EXERCISE DIRECTIONS:
When you reach the line with "Tecnosystemi Excellens leidinggoot" in the data below, begin printing lines exactly, and stop once the line with "Mens Black Graphic Print Crewneck T-Shirt" has been printed.

STORED DATA:
'''

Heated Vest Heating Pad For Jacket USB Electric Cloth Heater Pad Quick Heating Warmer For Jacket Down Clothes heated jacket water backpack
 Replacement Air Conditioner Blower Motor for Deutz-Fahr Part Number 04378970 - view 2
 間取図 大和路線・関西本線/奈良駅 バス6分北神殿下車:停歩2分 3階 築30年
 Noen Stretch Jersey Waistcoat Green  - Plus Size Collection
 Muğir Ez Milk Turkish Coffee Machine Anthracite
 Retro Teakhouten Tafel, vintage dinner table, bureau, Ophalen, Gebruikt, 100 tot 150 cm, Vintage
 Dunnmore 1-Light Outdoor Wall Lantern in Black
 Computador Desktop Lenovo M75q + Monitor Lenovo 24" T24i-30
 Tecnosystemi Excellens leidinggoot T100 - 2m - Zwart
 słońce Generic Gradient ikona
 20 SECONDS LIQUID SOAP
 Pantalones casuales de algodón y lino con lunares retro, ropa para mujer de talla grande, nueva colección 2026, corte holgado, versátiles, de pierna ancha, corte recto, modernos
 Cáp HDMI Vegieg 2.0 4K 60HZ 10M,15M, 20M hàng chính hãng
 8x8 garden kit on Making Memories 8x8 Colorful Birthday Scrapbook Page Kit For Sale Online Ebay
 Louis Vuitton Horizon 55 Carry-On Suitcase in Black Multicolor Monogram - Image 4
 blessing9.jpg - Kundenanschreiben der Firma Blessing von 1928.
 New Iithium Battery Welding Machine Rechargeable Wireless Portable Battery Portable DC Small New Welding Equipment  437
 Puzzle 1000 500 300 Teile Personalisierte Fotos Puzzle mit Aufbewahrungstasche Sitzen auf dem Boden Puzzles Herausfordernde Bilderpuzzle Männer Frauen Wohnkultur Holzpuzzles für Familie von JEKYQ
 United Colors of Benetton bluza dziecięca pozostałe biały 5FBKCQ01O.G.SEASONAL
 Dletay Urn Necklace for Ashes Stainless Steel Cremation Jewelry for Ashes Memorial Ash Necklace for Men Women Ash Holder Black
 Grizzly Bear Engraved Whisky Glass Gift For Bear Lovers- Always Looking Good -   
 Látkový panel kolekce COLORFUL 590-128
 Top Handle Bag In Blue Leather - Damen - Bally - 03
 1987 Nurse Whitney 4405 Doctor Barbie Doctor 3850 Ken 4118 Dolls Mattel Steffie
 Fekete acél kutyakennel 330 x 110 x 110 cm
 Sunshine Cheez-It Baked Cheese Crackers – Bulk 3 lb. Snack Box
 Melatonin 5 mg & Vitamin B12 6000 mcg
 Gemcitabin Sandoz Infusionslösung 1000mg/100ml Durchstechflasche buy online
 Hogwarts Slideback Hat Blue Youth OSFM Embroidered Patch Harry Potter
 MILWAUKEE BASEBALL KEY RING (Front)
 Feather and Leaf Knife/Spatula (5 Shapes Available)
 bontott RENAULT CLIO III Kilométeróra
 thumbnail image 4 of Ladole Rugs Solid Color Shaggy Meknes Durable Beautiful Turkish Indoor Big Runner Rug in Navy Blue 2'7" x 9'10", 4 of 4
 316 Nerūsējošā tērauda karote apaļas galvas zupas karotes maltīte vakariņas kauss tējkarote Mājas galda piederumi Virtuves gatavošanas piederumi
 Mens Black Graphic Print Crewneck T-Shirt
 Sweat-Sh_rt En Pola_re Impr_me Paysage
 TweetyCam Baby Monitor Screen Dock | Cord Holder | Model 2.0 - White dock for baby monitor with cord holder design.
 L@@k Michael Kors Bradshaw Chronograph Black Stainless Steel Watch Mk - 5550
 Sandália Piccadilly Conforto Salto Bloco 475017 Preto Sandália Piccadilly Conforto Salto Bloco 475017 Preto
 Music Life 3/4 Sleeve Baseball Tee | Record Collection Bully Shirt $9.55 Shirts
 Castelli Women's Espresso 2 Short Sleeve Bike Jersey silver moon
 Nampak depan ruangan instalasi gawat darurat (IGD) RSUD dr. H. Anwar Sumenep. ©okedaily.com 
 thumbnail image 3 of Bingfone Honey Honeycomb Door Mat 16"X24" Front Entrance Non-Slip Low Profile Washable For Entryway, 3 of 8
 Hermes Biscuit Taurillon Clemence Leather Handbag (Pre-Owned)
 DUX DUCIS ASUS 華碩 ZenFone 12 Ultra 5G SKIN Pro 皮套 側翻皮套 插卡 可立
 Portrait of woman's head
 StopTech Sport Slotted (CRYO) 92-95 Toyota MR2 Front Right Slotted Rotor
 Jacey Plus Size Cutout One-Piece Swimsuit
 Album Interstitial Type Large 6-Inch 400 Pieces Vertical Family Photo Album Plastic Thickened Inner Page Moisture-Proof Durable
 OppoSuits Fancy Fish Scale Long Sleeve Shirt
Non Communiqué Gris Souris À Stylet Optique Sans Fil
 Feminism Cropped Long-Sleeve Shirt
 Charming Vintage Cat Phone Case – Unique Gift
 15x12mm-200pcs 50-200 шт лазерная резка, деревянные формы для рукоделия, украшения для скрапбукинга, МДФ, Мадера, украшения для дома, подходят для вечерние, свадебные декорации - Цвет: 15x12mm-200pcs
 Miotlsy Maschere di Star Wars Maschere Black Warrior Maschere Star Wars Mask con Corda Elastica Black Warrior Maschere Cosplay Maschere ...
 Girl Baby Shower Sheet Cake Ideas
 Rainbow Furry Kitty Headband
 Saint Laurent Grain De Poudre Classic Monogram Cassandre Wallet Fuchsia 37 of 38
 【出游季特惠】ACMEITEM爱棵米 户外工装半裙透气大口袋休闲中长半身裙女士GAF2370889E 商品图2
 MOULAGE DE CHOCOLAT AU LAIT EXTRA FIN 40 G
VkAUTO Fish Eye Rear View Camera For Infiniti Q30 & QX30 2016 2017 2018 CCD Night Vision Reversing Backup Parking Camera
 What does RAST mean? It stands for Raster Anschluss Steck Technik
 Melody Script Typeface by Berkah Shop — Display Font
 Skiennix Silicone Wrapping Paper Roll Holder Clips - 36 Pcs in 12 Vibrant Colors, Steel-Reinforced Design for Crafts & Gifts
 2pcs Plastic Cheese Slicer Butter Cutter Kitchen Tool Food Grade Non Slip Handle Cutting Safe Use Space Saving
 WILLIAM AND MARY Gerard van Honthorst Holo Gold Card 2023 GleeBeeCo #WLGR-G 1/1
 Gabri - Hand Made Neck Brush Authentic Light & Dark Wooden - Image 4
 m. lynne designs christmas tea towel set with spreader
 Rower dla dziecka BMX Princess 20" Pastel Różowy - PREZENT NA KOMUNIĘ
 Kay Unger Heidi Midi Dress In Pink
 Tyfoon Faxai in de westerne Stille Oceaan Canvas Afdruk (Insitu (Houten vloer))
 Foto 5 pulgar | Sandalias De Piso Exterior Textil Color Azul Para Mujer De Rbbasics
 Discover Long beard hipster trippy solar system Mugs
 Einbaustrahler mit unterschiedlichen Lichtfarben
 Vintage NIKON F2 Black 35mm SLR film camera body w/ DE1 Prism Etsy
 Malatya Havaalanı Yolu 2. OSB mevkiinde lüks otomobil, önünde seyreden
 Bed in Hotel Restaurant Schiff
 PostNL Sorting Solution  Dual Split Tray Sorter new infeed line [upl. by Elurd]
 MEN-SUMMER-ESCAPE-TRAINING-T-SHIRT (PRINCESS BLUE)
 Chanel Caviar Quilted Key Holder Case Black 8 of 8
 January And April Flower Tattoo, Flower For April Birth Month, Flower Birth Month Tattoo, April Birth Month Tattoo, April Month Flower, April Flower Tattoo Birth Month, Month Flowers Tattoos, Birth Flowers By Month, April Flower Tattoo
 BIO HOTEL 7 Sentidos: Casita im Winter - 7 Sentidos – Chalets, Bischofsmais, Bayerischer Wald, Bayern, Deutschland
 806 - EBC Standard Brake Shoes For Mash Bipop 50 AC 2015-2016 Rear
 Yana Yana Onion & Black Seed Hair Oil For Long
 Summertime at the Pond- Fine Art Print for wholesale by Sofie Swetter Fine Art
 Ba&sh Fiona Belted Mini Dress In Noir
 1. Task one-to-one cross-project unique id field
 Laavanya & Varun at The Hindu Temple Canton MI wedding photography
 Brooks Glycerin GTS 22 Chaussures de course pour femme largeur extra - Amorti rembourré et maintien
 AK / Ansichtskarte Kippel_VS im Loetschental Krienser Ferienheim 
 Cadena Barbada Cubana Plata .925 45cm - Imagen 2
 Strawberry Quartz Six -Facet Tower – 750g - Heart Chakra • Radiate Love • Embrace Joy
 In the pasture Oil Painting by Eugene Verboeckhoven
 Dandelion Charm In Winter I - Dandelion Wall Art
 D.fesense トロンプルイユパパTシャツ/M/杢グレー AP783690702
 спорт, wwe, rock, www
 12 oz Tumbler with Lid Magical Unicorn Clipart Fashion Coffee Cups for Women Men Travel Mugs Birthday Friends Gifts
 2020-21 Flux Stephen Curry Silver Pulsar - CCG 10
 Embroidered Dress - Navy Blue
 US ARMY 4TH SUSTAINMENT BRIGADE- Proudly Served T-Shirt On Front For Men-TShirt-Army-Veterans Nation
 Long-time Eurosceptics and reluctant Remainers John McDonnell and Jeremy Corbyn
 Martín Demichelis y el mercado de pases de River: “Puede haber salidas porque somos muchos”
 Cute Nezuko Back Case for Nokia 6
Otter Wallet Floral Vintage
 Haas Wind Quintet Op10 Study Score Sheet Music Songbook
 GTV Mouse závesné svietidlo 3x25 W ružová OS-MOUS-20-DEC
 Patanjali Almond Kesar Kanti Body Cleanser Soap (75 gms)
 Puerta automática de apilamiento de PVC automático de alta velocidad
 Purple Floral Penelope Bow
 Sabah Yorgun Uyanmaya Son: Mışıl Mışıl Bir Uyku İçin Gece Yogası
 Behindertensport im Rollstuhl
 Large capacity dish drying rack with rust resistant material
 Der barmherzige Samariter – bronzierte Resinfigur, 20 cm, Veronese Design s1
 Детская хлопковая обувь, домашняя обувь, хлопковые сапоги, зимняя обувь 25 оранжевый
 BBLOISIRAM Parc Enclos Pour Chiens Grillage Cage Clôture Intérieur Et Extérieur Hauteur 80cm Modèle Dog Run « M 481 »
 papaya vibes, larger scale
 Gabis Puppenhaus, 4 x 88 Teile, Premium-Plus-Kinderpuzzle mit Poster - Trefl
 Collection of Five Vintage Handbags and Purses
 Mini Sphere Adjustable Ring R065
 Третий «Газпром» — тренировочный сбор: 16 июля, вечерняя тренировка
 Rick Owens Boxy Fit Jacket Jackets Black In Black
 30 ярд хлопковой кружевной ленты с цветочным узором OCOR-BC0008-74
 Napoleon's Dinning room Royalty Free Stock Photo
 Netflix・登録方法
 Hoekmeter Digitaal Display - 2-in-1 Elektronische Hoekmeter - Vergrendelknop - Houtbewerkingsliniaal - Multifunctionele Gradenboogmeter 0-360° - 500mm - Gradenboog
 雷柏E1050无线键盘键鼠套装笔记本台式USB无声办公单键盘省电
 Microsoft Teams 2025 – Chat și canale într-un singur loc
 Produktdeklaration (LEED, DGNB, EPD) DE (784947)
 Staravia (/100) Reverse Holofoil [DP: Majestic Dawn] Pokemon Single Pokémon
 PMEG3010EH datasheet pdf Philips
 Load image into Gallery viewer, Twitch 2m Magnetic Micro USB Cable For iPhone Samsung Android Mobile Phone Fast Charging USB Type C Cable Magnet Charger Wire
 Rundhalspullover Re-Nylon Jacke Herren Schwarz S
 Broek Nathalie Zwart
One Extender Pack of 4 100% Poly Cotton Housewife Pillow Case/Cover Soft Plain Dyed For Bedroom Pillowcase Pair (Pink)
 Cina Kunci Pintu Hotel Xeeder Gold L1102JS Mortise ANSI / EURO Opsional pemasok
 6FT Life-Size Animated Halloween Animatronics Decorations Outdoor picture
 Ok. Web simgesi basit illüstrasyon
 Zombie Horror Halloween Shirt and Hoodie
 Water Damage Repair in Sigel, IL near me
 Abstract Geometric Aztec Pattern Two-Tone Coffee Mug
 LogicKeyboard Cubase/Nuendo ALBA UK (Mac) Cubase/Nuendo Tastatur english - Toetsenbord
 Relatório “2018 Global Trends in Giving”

'''

SOLUTION TO THE EXERCISE:
 Tecnosystemi Excellens leidinggoot T100 - 2m - Zwart
 słońce Generic Gradient ikona
 20 SECONDS LIQUID SOAP
 Pantalones casuales de algodón y lino con lunares retro, ropa para mujer de talla grande, nueva colección 2026, corte holgado, versátiles, de pierna ancha, corte recto, modernos
 Cáp HDMI Vegieg 2.0 4K 60HZ 10M,15M, 20M hàng chính hãng
 8x8 garden kit on Making Memories 8x8 Colorful Birthday Scrapbook Page Kit For Sale Online Ebay
 Louis Vuitton Horizon 55 Carry-On Suitcase in Black Multicolor Monogram - Image 4
 blessing9.jpg - Kundenanschreiben der Firma Blessing von 1928.
 New Iithium Battery Welding Machine Rechargeable Wireless Portable Battery Portable DC Small New Welding Equipment  437
 Puzzle 1000 500 300 Teile Personalisierte Fotos Puzzle mit Aufbewahrungstasche Sitzen auf dem Boden Puzzles Herausfordernde Bilderpuzzle Männer Frauen Wohnkultur Holzpuzzles für Familie von JEKYQ
 United Colors of Benetton bluza dziecięca pozostałe biały 5FBKCQ01O.G.SEASONAL
 Dletay Urn Necklace for Ashes Stainless Steel Cremation Jewelry for Ashes Memorial Ash Necklace for Men Women Ash Holder Black
 Grizzly Bear Engraved Whisky Glass Gift For Bear Lovers- Always Looking Good -   
 Látkový panel kolekce COLORFUL 590-128
 Top Handle Bag In Blue Leather - Damen - Bally - 03
 1987 Nurse Whitney 4405 Doctor Barbie Doctor 3850 Ken 4118 Dolls Mattel Steffie
 Fekete acél kutyakennel 330 x 110 x 110 cm
 Sunshine Cheez-It Baked Cheese Crackers – Bulk 3 lb. Snack Box
 Melatonin 5 mg & Vitamin B12 6000 mcg
 Gemcitabin Sandoz Infusionslösung 1000mg/100ml Durchstechflasche buy online
 Hogwarts Slideback Hat Blue Youth OSFM Embroidered Patch Harry Potter
 MILWAUKEE BASEBALL KEY RING (Front)
 Feather and Leaf Knife/Spatula (5 Shapes Available)
 bontott RENAULT CLIO III Kilométeróra
 thumbnail image 4 of Ladole Rugs Solid Color Shaggy Meknes Durable Beautiful Turkish Indoor Big Runner Rug in Navy Blue 2'7" x 9'10", 4 of 4
 316 Nerūsējošā tērauda karote apaļas galvas zupas karotes maltīte vakariņas kauss tējkarote Mājas galda piederumi Virtuves gatavošanas piederumi
 Mens Black Graphic Print Crewneck T-Shirt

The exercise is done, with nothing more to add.